Más adelante, casi en Notre Dame, descenderemos a los diques del Sena y buscaremos al Santo Bebedor. Nada parecido, sólo bellas jóvenes descalzas que conversan en actitud intelectual y chic. Bueno para la vista, peor para el oído. Emergidos del Sena y del trasiego de Bateaux-Mouche giraremos a la izquierda para atravesar la plaza de la catedral. Evitaremos la cola de turistas y seguiremos nuestro camino. Hace 19 años pude vivir una experiencia sobrecogedora cuando entré en la catedral (nunca había estado en ninguna) para evitar el calor. Entré sin esperar cola, sin pagar entrada, entre de improviso y me quedé parado en la entrada, bañado por esa luz acuática y por el medievalismo puesto ante los ojos de cualquiera. Pero dejémonos de nostalgias. Cruzando de nuevo para alejarnos del Sena tomaremos la Rue du Petit Point. Allí nos toparemos con St. Nazare. Entremos. En su interior, al caminar mirando los perfectos arcos que la sustentan, tropezaremos con una losa de piedra que se mueve. La moveremos con el pie para comprobar si es una tumba o bien una entrada a una cripta pero sólo conseguiremos balancearnos y hacer algo de ruido. Un turista italiano, de avanzada edad, nos recriminará con el gesto. Seguiremos caminando. Vista la Iglesia y el atrio exterior de gran belleza por su cuidado estado de ruina. Llegaremos al Boulevard Saint Michel. Casi a la altura de los jardines de Luxemburgo hallaremos en la acera un curioso mosaico de huellas de agua junto a un charco. Examinaremos el mosaico hasta que el viento y el sol que acaba de aparecer después de algunos días entre las nubes sequen el mosaico. Observaremos que algunas palomas que beben en un charco cercano dejan una huella similar a la que hemos observado como componente repetido y esencial del mosaico. Del Boulevard Saint Michel giraremos hacia el Boulevard de Montparnasse hasta toparnos con la Rue de Sevres, tomaremos dicha calle y a la izquierda encontraremos la Rue Vaneau.
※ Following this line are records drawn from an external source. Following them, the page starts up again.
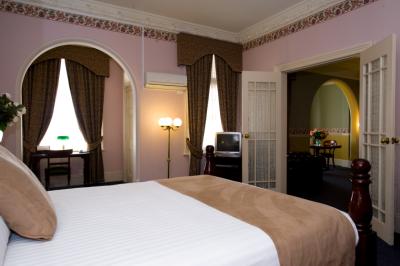 Hadley's Orient Hotel - SA Accommodation 3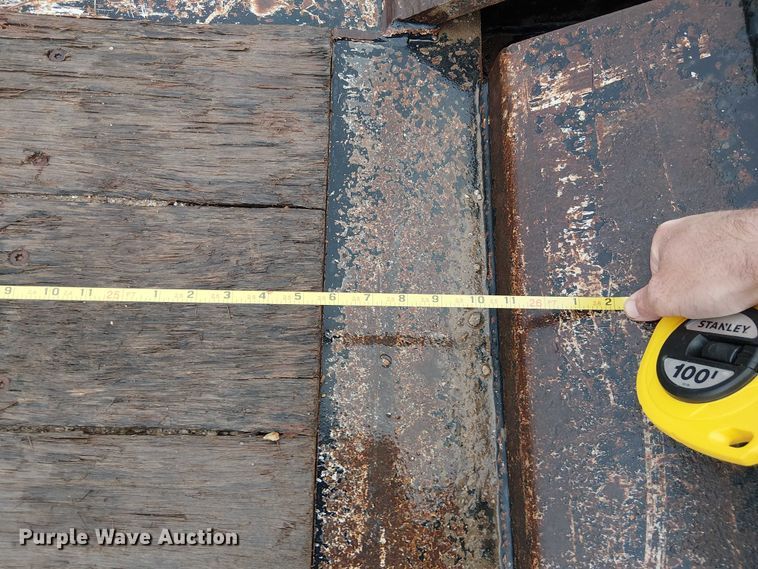 image for item DU3722 2016 Trail King TK110HDG lowboy equipment trailer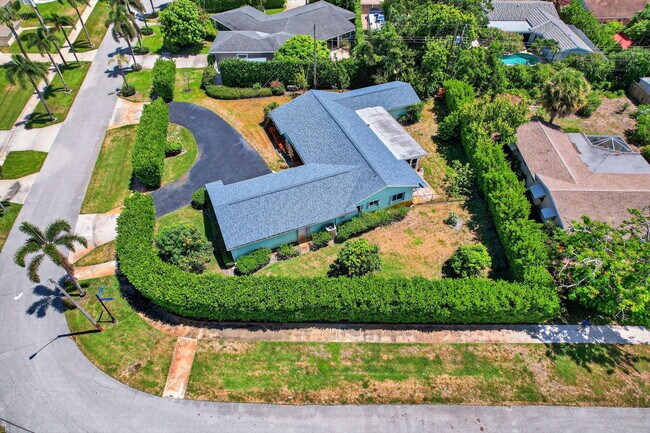Building Photo - 905 Shore Dr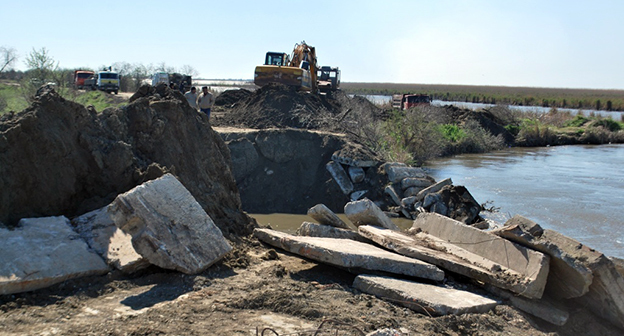Ремонт оградительного вала на Аракумских озёрах. http://www.riadagestan.ru/news/incidents/na_arakumskikh_ozerakh_kizlyarskogo_rayona_predotvrashchayut_posledstviya_avarii_ograditelnogo_vala/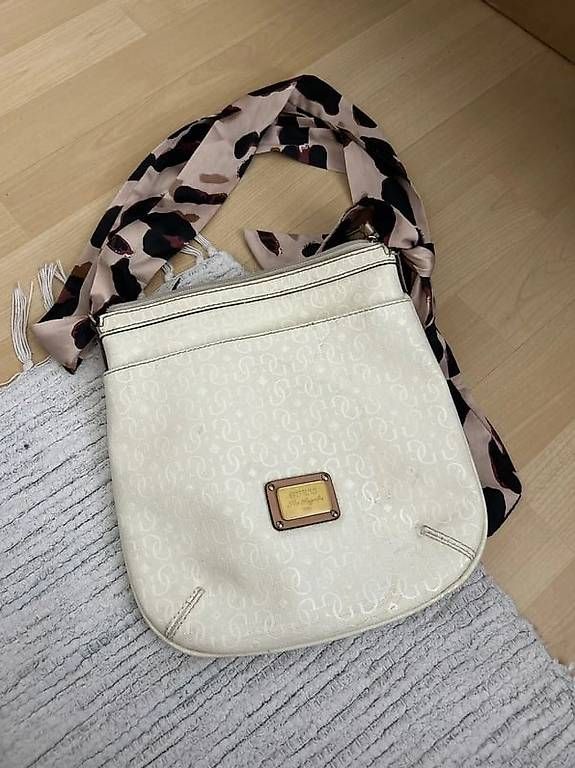 Borse da donna: Guess Handtasche Vintage – Usato da Bütschwil venduto da Mariia_Ch221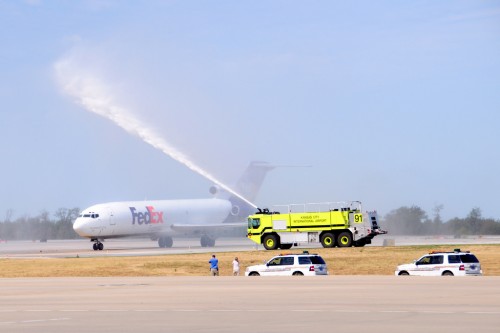 FedEx Boeing 727. Image by JL Johnson.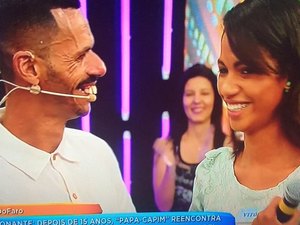 Papa-Capim se emociona ao reencontrar a filha que não via há 15 anos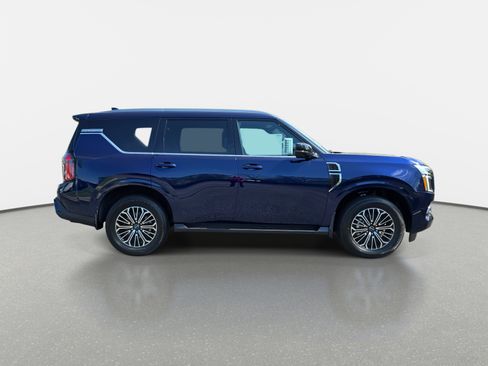New 2025 Nissan Armada SL image 4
Inquietante sorpresa, en la valla de la mansión misteriosa hay una mujer, parece la mujer que paseaba a la paloma. Está hablando a alguien que hay en la mansión. Le dice: No entres, escucha, no entres, no hay nada. Vuelvo enseguida, ven, ven conmigo, ahí no hay nada.

Al turista le da un vuelco el corazón, quiere acercarse pero sus piernas no se mueven. La mujer insiste, aterrada, hace gestos con la mano. Después se marcha triste, algo abatida. El turista se acerca con cautela, la curiosidad le puede. Sólo ve a un gato sentado ante la ventana abierta, el otro día no lo estaba, de la planta baja. El gato mira hacia dentro, escruta el interior. Sin previo aviso el gato salta y huye por la calle con el pelo erizado. El turista se larga de allí sin mirar atrás.

Llegada al hotel donde el turista debe afeitarse la barba.

 

 

1 comentario

Odradek críptico -

Luego Europa es un seto afeitado que debe recortarse la barba. Un seto (a)(u)sentado.